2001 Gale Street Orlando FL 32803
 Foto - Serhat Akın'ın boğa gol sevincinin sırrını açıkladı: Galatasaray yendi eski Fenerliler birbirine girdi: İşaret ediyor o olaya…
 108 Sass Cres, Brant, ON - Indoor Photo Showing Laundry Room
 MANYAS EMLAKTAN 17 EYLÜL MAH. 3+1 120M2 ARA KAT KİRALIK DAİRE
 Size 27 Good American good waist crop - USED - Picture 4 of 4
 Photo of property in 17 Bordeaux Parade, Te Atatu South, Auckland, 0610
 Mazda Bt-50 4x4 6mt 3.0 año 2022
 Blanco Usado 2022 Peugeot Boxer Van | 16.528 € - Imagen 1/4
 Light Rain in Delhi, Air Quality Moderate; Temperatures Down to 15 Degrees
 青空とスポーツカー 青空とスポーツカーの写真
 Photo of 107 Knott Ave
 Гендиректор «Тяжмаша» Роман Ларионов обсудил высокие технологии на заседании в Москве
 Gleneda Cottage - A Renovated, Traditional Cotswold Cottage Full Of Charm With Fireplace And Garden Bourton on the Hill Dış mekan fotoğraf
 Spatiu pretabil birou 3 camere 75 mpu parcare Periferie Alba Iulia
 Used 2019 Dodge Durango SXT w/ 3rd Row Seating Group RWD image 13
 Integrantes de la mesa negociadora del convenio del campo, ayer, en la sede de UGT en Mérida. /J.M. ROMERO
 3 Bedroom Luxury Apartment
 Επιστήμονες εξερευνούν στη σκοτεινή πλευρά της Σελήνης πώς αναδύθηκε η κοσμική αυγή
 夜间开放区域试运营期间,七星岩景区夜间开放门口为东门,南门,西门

§

● Activity: From the first line to the last, copy the records without alteration.

● Expected answer:
2001 Gale Street Orlando FL 32803
 Foto - Serhat Akın'ın boğa gol sevincinin sırrını açıkladı: Galatasaray yendi eski Fenerliler birbirine girdi: İşaret ediyor o olaya…
 108 Sass Cres, Brant, ON - Indoor Photo Showing Laundry Room
 MANYAS EMLAKTAN 17 EYLÜL MAH. 3+1 120M2 ARA KAT KİRALIK DAİRE
 Size 27 Good American good waist crop - USED - Picture 4 of 4
 Photo of property in 17 Bordeaux Parade, Te Atatu South, Auckland, 0610
 Mazda Bt-50 4x4 6mt 3.0 año 2022
 Blanco Usado 2022 Peugeot Boxer Van | 16.528 € - Imagen 1/4
 Light Rain in Delhi, Air Quality Moderate; Temperatures Down to 15 Degrees
 青空とスポーツカー 青空とスポーツカーの写真
 Photo of 107 Knott Ave
 Гендиректор «Тяжмаша» Роман Ларионов обсудил высокие технологии на заседании в Москве
 Gleneda Cottage - A Renovated, Traditional Cotswold Cottage Full Of Charm With Fireplace And Garden Bourton on the Hill Dış mekan fotoğraf
 Spatiu pretabil birou 3 camere 75 mpu parcare Periferie Alba Iulia
 Used 2019 Dodge Durango SXT w/ 3rd Row Seating Group RWD image 13
 Integrantes de la mesa negociadora del convenio del campo, ayer, en la sede de UGT en Mérida. /J.M. ROMERO
 3 Bedroom Luxury Apartment
 Επιστήμονες εξερευνούν στη σκοτεινή πλευρά της Σελήνης πώς αναδύθηκε η κοσμική αυγή
 夜间开放区域试运营期间,七星岩景区夜间开放门口为东门,南门,西门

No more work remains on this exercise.